Obama está consciente de la necesidad de corregir tan graves errores históricos, y también parece estarlo su probable sucesora Hillary Clinton. Por el bien del Medio Oriente, les deseamos éxito en tal empeño
No sólo Venezuela sufre actualmente una crisis colectiva de excepcional gravedad, sino también el Cercano y Medio Oriente, que comparte con nosotros la condición de región “en desarrollo”, se encuentra estancado, e incluso en retroceso, en su marcha del tradicionalismo a la modernidad.
A diferencia de América Latina, donde el concepto de “democracia” estuvo teóricamente presente desde la Independencia, y por ello pudo germinar en algunos países de la región, el Medio Oriente es heredero de milenios de autoritarismo patriarcal, feudal y despótico, sin más que muy breves episodios liberales, que no han calado hondamente en el ánimo de sus pueblos. (Hacemos abstracción del caso de Israel, que tuvo la ventaja de importar desde la diáspora los conocimientos y la cultura requeridos para crear una sociedad democrática y desarrollada).
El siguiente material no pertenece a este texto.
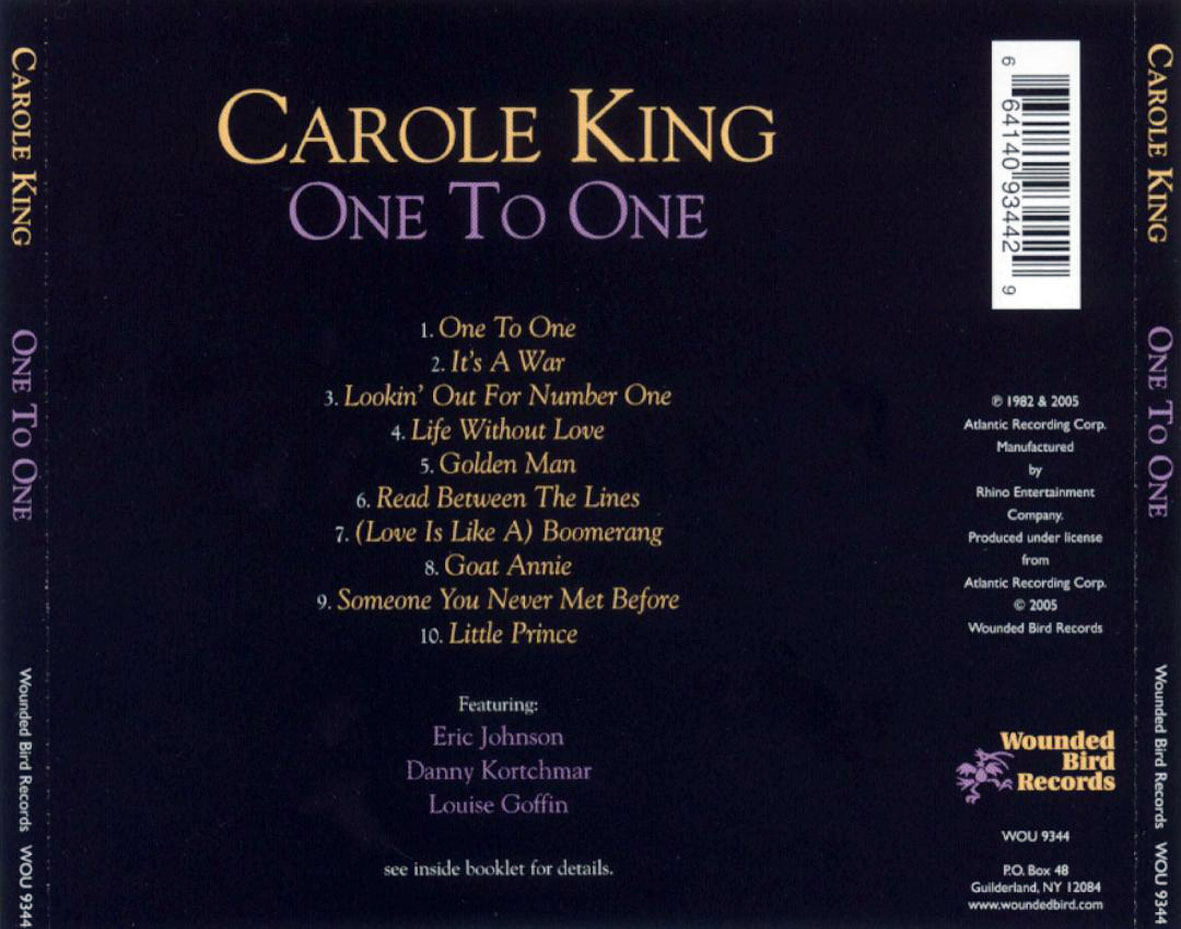 Cartula Trasera de Carole King - One To One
Sin embargo, el estancamiento o retroceso del Medio Oriente no sólo se debe al peso muerto de estructuras y tradiciones caducas, sino también a injerencias negativas de los imperialismos que han actuado en la región desde la Primera Guerra Mundial. En violación de promesas hechas al nacionalismo árabe en 1915, Inglaterra y Francia se repartieron y colonizaron la región, y agudizaron sus divisiones y rivalidades internas (inclusive el antagonismo arabo-judío en Palestina). Después de 1945, Estados Unidos y la Unión Soviética implantaron sus presencias en la región, en pugna a la vez por sus recursos estratégicos y por la adhesión política de sus pueblos.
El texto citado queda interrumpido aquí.